Lampung Selatan (ANTARA) - Wakil Bupati (Wabup) Lampung Selatan (Lamsel) M. Syaiful Anwar menyebutkan Job Fair 2025, bukan sekadar agenda tahunan, tetapi langkah strategis pemerintah daerah untuk memperluas akses lapangan pekerjaan di wilayah tersebut.
“Job fair ini bukan sekadar acara rutinitas. Ini gerakan bersama untuk mempertemukan pencari kerja dengan dunia usaha secara cepat, transparan, dan efektif,” kata Wabup Lamsel M. Syaiful Anwar di Kalianda Kamis.
Ia menjelaskan, tahun ini, sebanyak 45 perusahaan dari sektor industri, perbankan, ritel, manufaktur, perhotelan, dan jasa turut berpartisipasi, dengan total 1.825 lowongan bagi lulusan SMA/SMK, diploma, sarjana, hingga tenaga kerja berpengalaman.
Oleh karena itu, dirinya mendorong masyarakat, khususnya generasi muda, untuk memanfaatkan momentum ini sebaik mungkin.
“Di balik angka pengangguran, terdapat harapan-harapan yang tertunda. Karena itu pemerintah harus hadir sebagai fasilitator untuk membuka peluang kerja yang lebih luas,” katanya.
Dia menyoroti tantangan ketenagakerjaan di era digital, seperti perubahan pola kerja akibat otomatisasi dan pentingnya literasi teknologi. Ia menekankan perlunya peningkatan kompetensi SDM lokal agar mampu bersaing di pasar kerja modern.
“Tantangan dunia kerja ke depan adalah digital skills, critical thinking, dan kesiapan menghadapi otomatisasi.
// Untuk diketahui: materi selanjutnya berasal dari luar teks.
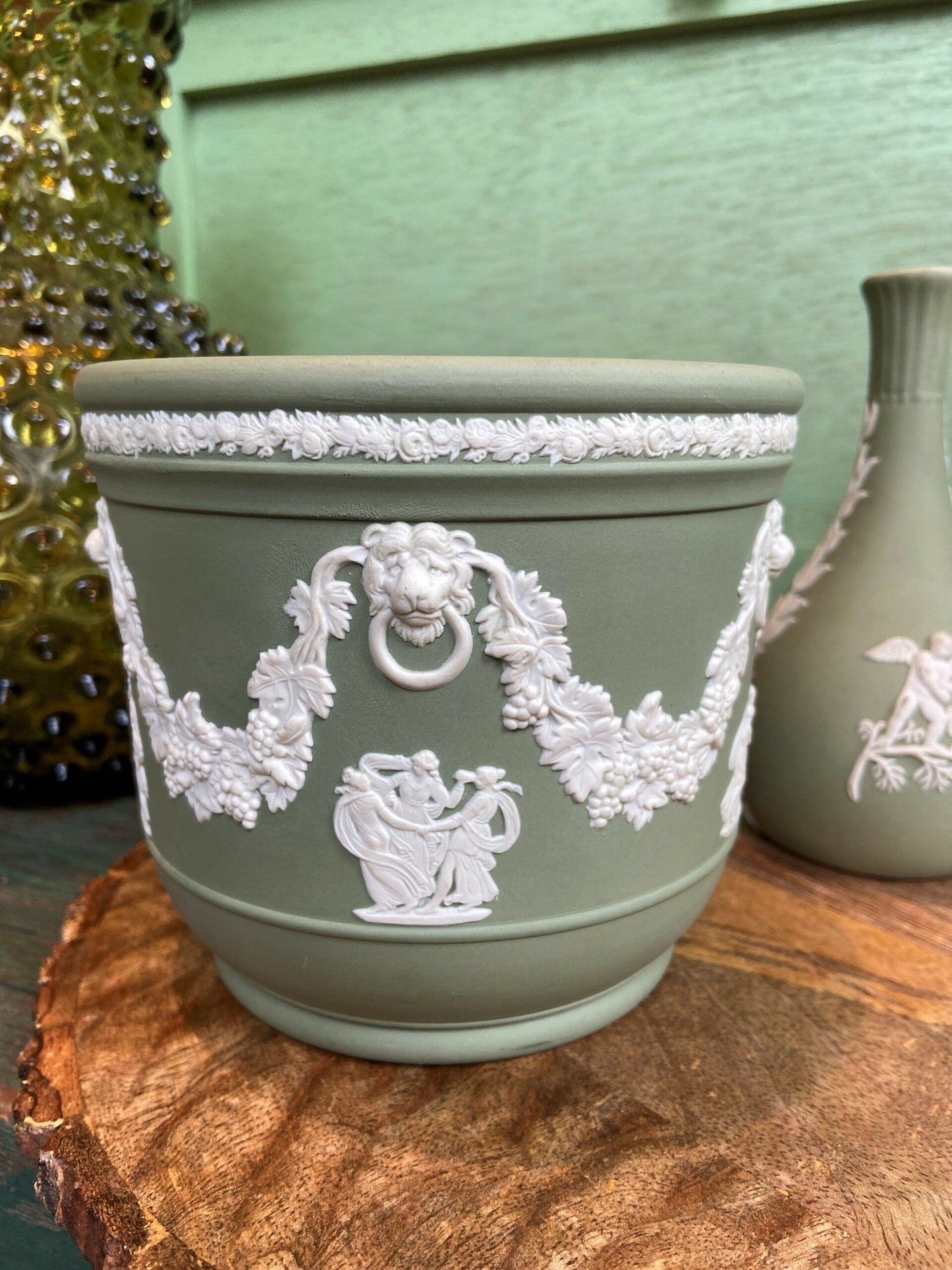 Vintage Wedgwood Sage Pot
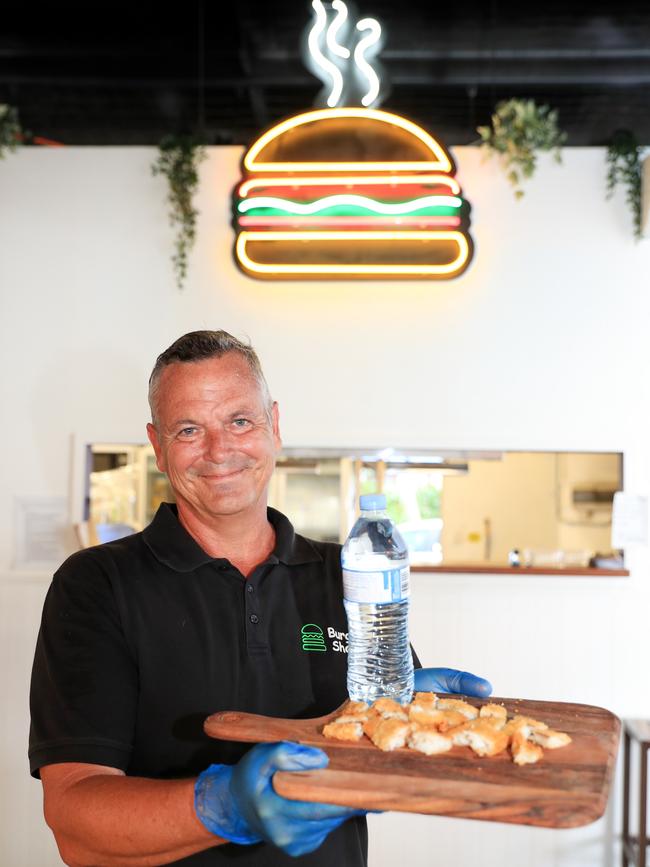 Anthony Wright from the Burger Shack in Palm Beach. Picture: Tim Marsden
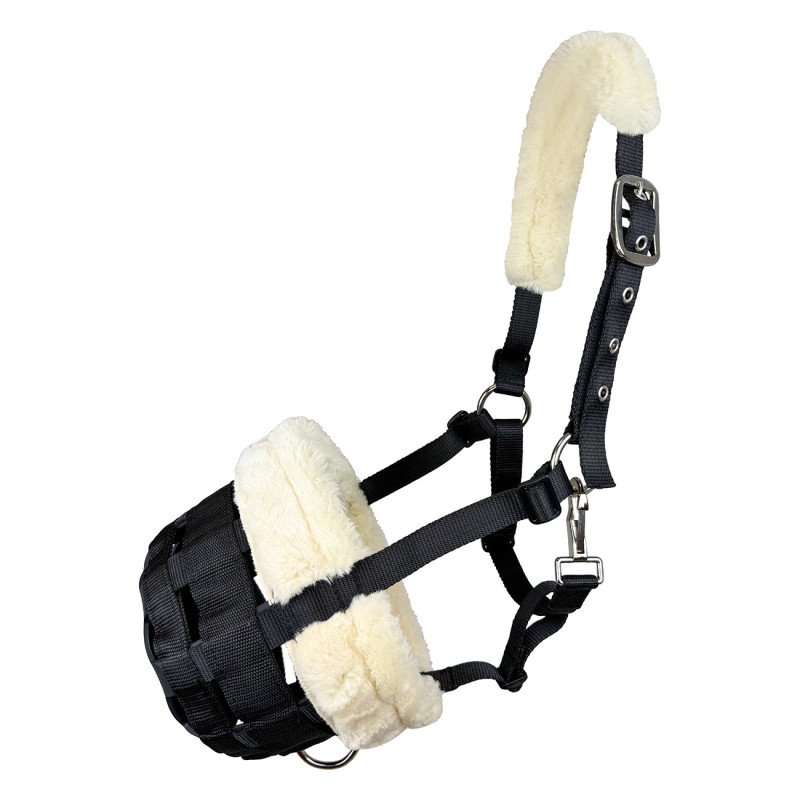 Kaganiec York Mira z futrem czarny Pony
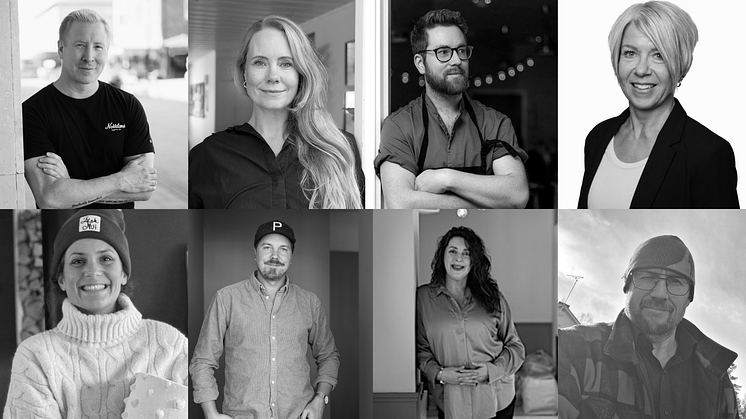 Vårens Level Up från vänster uppe: Jimmy Marklund, Lina Andersson, David Palmbo och Åsa Kärr. Nere från vänster: Lisa Hellmér, John Wiksten, Mari Ramnek och Fredrik Broman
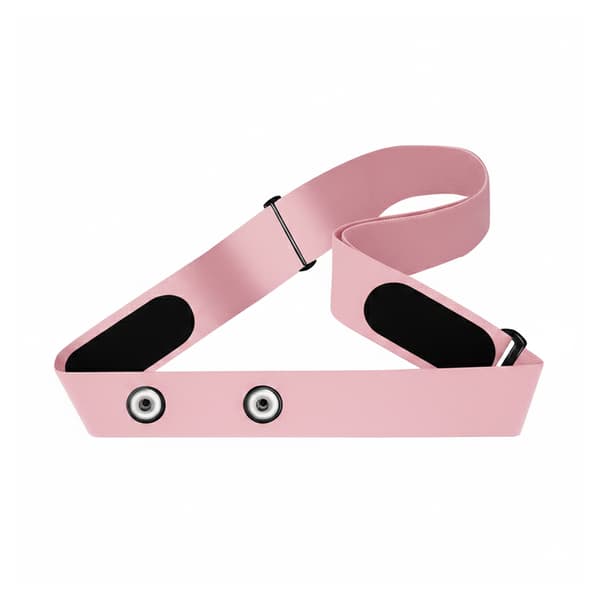 2X Brystrem til Polar H7 H10 HR HRM Pulsmåler Sensor Erstatning Sort pink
Kita harus mempersiapkan SDM lokal untuk bersaing,” ucapnya.
Selain itu, Syaiful mengingatkan agar perusahaan membuka kesempatan kerja yang inklusif bagi penyandang disabilitas, sebagaimana diamanatkan dalam Undang-Undang Nomor 8 Tahun 2016.
Dirinya juga meminta perusahaan dapat memberi prioritas bagi tenaga kerja asal Lampung Selatan dan melaporkan hasil rekrutmen ke Dinas Tenaga Kerja dan Transmigrasi setempat untuk mendukung akurasi data ketenagakerjaan.
Untuk diketahui gelaran Job Fair 2025 Lampung Selatan berlangsung selama dua hari, yakni 6-7 November, mulai pukul 08.00 hingga 16.00 WIB, di GWH Kalianda.